The code using sugar looks like this:
void rcpp_vectorised() { NumericVector a = NumericVector::create(1, 1); NumericVector b = NumericVector::create(2, 2); NumericVector x(2); for (int j = 0; j < 1e6; ++j) { x = a + b; } }
and the devectorised version, using a manual for loop:
void rcpp_devectorised() { NumericVector a = NumericVector::create(1, 1); NumericVector b = NumericVector::create(2, 2); NumericVector x(2); for (int j = 0; j < 1e6; ++j) { for (int i = 0; i < 2; ++i) { x[i] = a[i] + b[i]; } } }
So we have two NumericVector
a
and b
of length 2
that we assign into another NumericVector
of length 2
. Here are benchmark results from Hadley's gist:
microbenchmark( rcpp_vectorised(), rcpp_devectorised(), unit = "s") # Unit: seconds # expr min lq median uq max neval # rcpp_vectorised() 0.012043 0.012308 0.012453 0.012580 0.01319 100 # rcpp_devectorised() 0.000837 0.000848 0.000865 0.000887 0.00101 100
So quite a difference indeed.
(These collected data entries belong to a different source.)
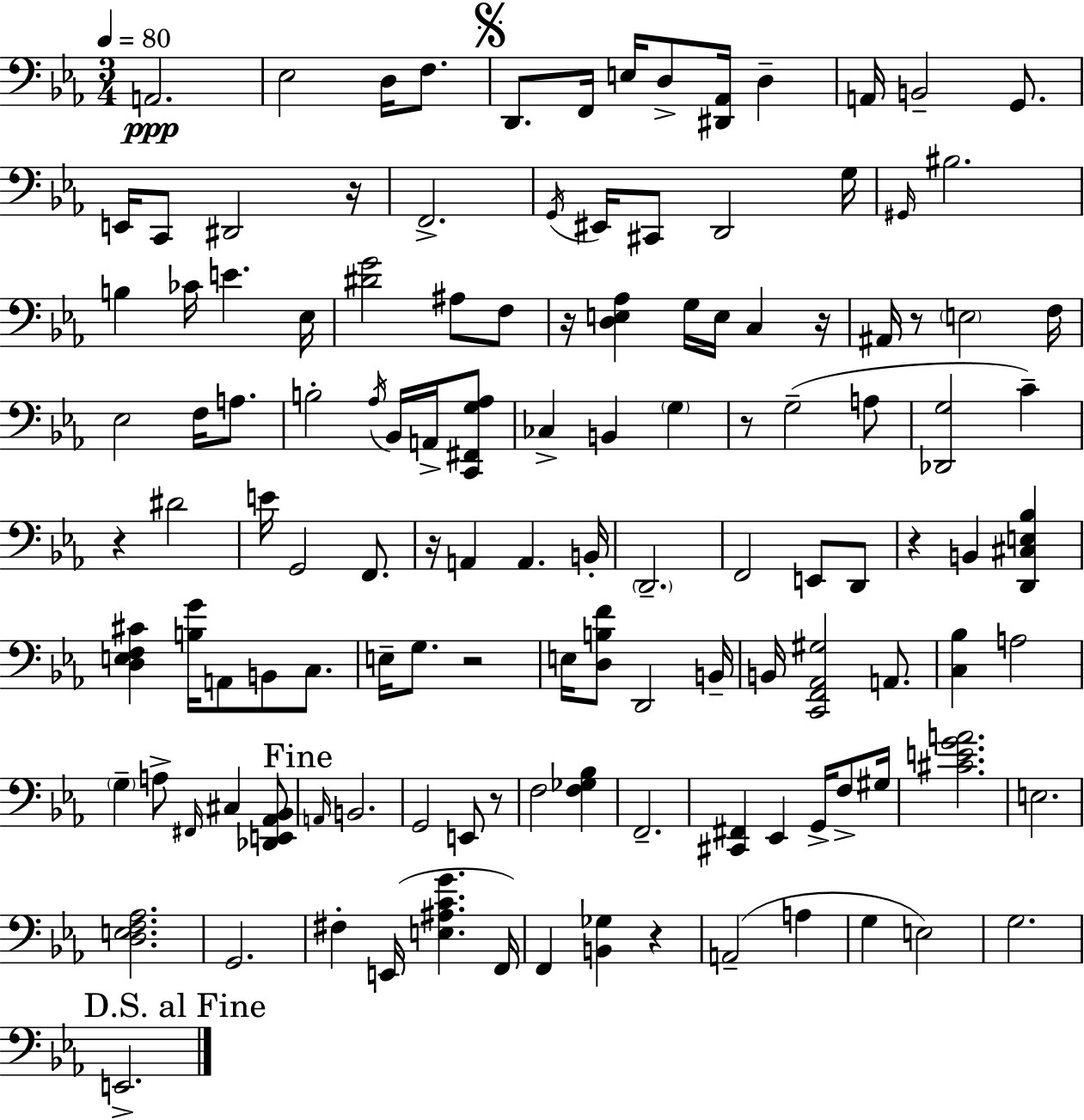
X:1
T:Untitled
M:3/4
L:1/4
K:Cm
A,,2 _E,2 D,/4 F,/2 D,,/2 F,,/4 E,/4 D,/2 [^D,,_A,,]/4 D, A,,/4 B,,2 G,,/2 E,,/4 C,,/2 ^D,,2 z/4 F,,2 G,,/4 ^E,,/4 ^C,,/2 D,,2 G,/4 ^G,,/4 ^B,2 B, _C/4 E _E,/4 [^DG]2 ^A,/2 F,/2 z/4 [D,E,_A,] G,/4 E,/4 C, z/4 ^A,,/4 z/2 E,2 F,/4 _E,2 F,/4 A,/2 B,2 _A,/4 _B,,/4 A,,/4 [C,,^F,,G,_A,]/2 _C, B,, G, z/2 G,2 A,/2 [_D,,G,]2 C z ^D2 E/4 G,,2 F,,/2 z/4 A,, A,, B,,/4 D,,2 F,,2 E,,/2 D,,/2 z B,, [D,,^C,E,_B,] [D,E,F,^C] [B,G]/4 A,,/2 B,,/2 C,/2 E,/4 G,/2 z2 E,/4 [D,B,F]/2 D,,2 B,,/4 B,,/4 [C,,F,,_A,,^G,]2 A,,/2 [C,_B,] A,2 G, A,/2 ^F,,/4 ^C, [_D,,E,,_A,,_B,,]/2 A,,/4 B,,2 G,,2 E,,/2 z/2 F,2 [F,_G,_B,] F,,2 [^C,,^F,,] _E,, G,,/4 F,/2 ^G,/4 [^CEGA]2 E,2 [D,E,F,_A,]2 G,,2 ^F, E,,/4 [E,^A,CG] F,,/4 F,, [B,,_G,] z A,,2 A, G, E,2 G,2 E,,2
There were a few reasons for this difference. The first reason was that sugar needed some modernisation. In the next release of Rcpp11
, we've made progress in that direction and some sugar expression directly control how to apply themselves into their target vector. This differs from historic implementations (as found e.g. in Rcpp
) which was entirely based on operator[]
.
The relevant working code for the operator+
between two vectors is now a direct call to std::transform
:
template <typename Target> inline void apply( Target& target ) const { std::transform( sugar_begin(lhs), sugar_end(lhs), sugar_begin(rhs), target.begin(), op ) ; }
With this at end, here are some new timings of the same code, but built against Rcpp11
:
$ Rcpp11Script /tmp/sug.cpp > require(microbenchmark) Loading required package: microbenchmark > microbenchmark(vec = rcpp_vectorised(), devec = rcpp_devectorised(), + unit = "s") Unit: seconds expr min lq median uq max neval vec 0.004440250 0.004457024 0.004464254 0.004479742 0.006363814 100 devec 0.001306806 0.001307507 0.001308996 0.001324055 0.001420102 100
The vectorised version is much better than the version in Rcpp
:
$ RcppScript /tmp/sug.cpp > require(microbenchmark) Loading required package: microbenchmark > microbenchmark(vec = rcpp_vectorised(), devec = rcpp_devectorised(), + unit = "s") Unit: seconds expr min lq median uq max neval vec 0.014118233 0.014155100 0.014201735 0.014477436 0.015247361 100 devec 0.001256794 0.001259593 0.001269401 0.001278607 0.001394016 100
But still not optimal. However, we can't go much further and I'll try to give some insights here. When we do:
for (int i = 0; i < 2; ++i) { x[i] = a[i] + b[i]; }
The number of elements to process is known and assumed equal between x
, a
and b
. But when we do:
x = a + b ;
The assignment operator first has to check that the sizes match, so we need to get the length of at least x
and a
(we'll assume a
and b
have matching sizes). That's your time difference right there. Getting the length of a vector is not a free operation. It is even quite an expensive operation in Rcpp
which delegates this to the Rf_length
function from the R api:
INLINE_FUN R_len_t length(SEXP s) { int i; switch (TYPEOF(s)) { case NILSXP: return 0; case LGLSXP: case INTSXP: case REALSXP: case CPLXSXP: case STRSXP: case CHARSXP: case VECSXP: case EXPRSXP: case RAWSXP: return LENGTH(s); case LISTSXP: case LANGSXP: case DOTSXP: i = 0; while (s != NULL && s != R_NilValue) { i++; s = CDR(s); } return i; case ENVSXP: return Rf_envlength(s); default: return 1; } }
This contains redundant code, e.g. we don't need the switch as we already know the R type of the object, that's the whole point of scoping these R objects in C++ classes. And furthermore LENGTH
itself has work to do, depending on whether there is support for long vectors it is implemented either like this:
# define SHORT_VEC_LENGTH(x) (((VECSEXP) (x))->vecsxp.length) # define LENGTH(x) (IS_LONG_VEC(x) ? R_BadLongVector(x, __FILE__, __LINE__) : SHORT_VEC_LENGTH(x))
or directly like this:
# define LENGTH(x) (((VECSEXP) (x))->vecsxp.length)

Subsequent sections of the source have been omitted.